### Raw data
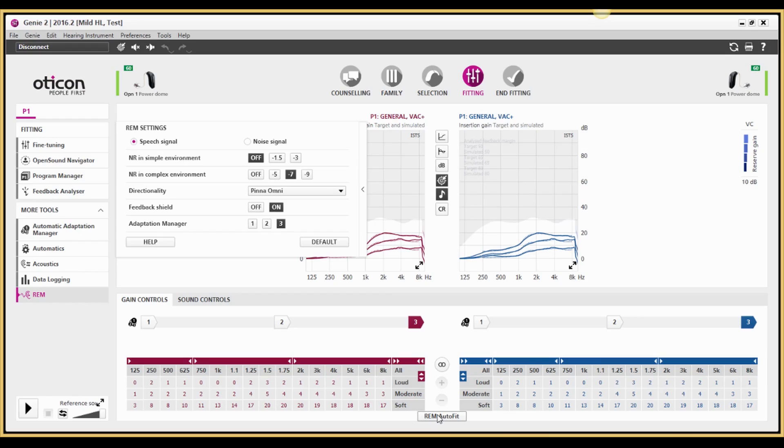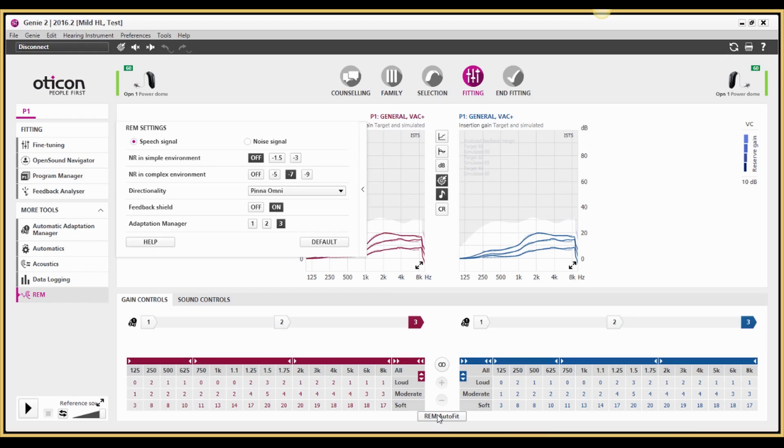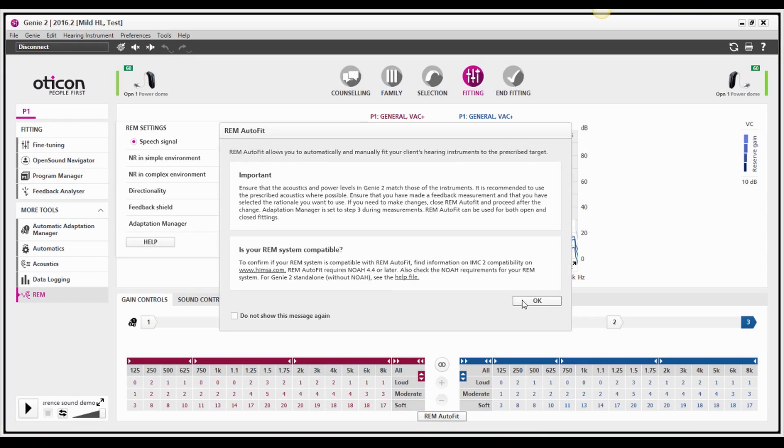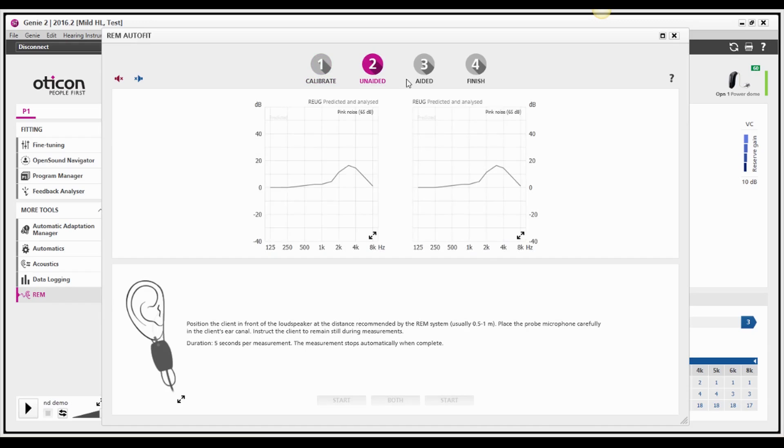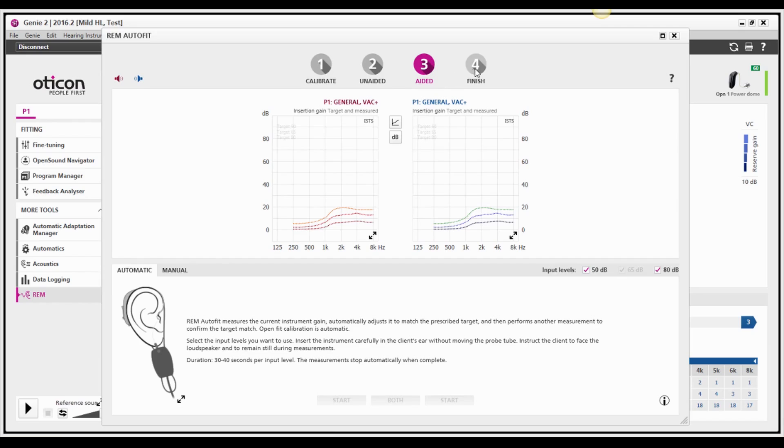Let me show you some highlights of the tool. There is no need to run the fitting software and REM software in parallel. You simply select the tool in Genie — no need to flick between screens. REM AutoFit communicates with the REM system to run tube calibration and unaided and aided measurements, all within the fitting software.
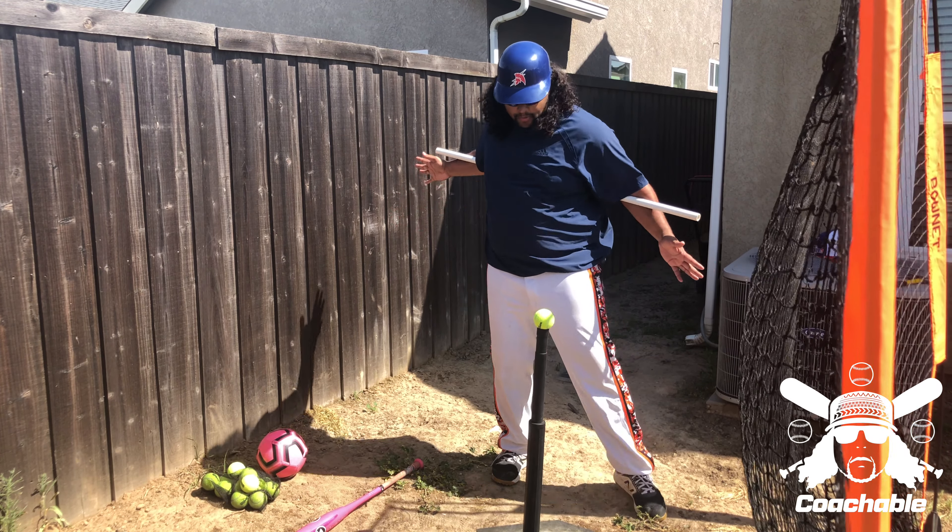All right, so that's it for this coachable content. Keep working on your swing. Keep opening those hips up. Drink water. Thank you for being coachable.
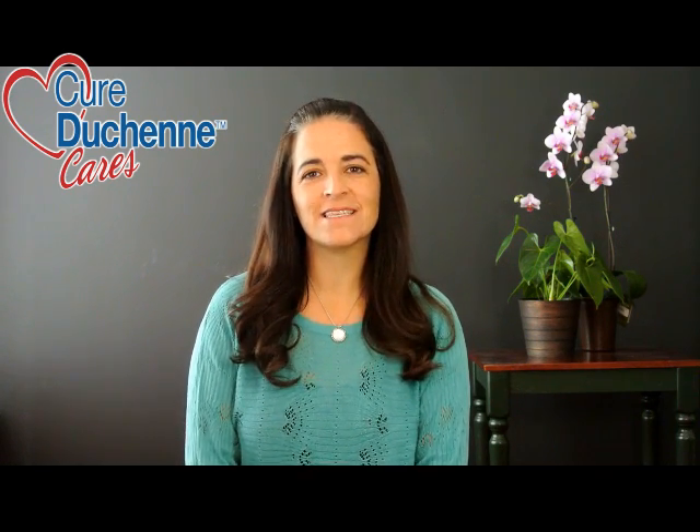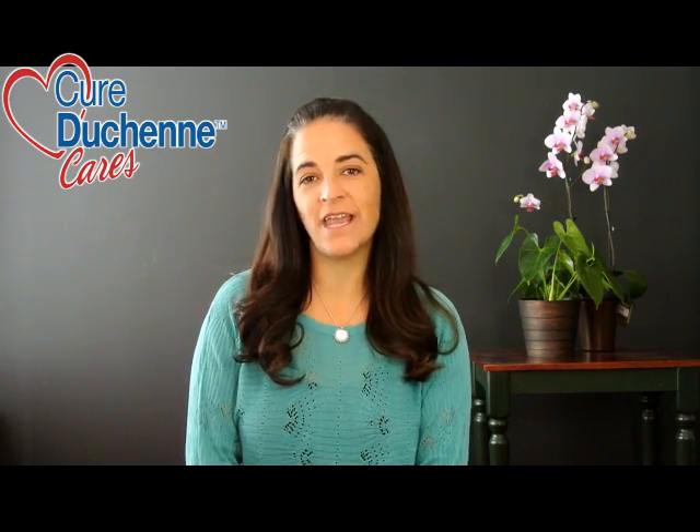Hello again. My name is Jennifer Wallace. I am a physical therapist and the owner at Duchenne Therapy Network. This is the next video in our Duchenne education series brought to you by the Cure Duchenne Cares Program.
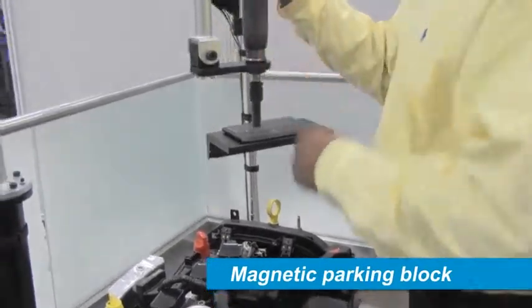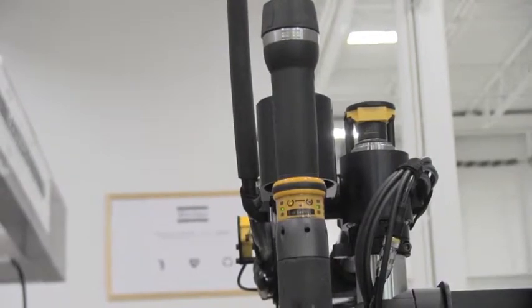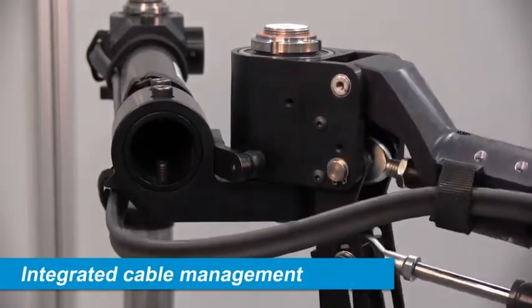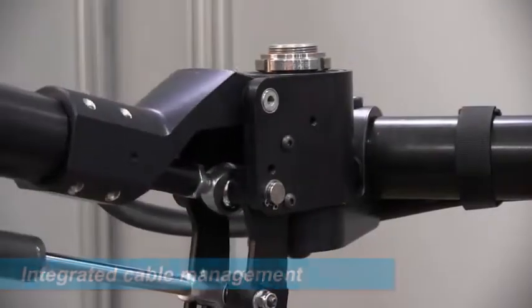A magnetic parking feature is also included, to hold the arm away from the working area when not in use, and to secure it for maintenance purposes. Integrated cable management ensures that all cabling stays organized and does not interfere with the arm's movement.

### Exercise
Pictures included in the data should be dropped; everything else must be repeated exactly.

### Problem solution
Let me show you some highlights of the tool. There is no need to run the fitting software and REM software in parallel. You simply select the tool in Genie — no need to flick between screens. REM AutoFit communicates with the REM system to run tube calibration and unaided and aided measurements, all within the fitting software.
All right, so that's it for this coachable content. Keep working on your swing. Keep opening those hips up. Drink water. Thank you for being coachable.
Hello again. My name is Jennifer Wallace. I am a physical therapist and the owner at Duchenne Therapy Network. This is the next video in our Duchenne education series brought to you by the Cure Duchenne Cares Program.
A magnetic parking feature is also included, to hold the arm away from the working area when not in use, and to secure it for maintenance purposes. Integrated cable management ensures that all cabling stays organized and does not interfere with the arm's movement.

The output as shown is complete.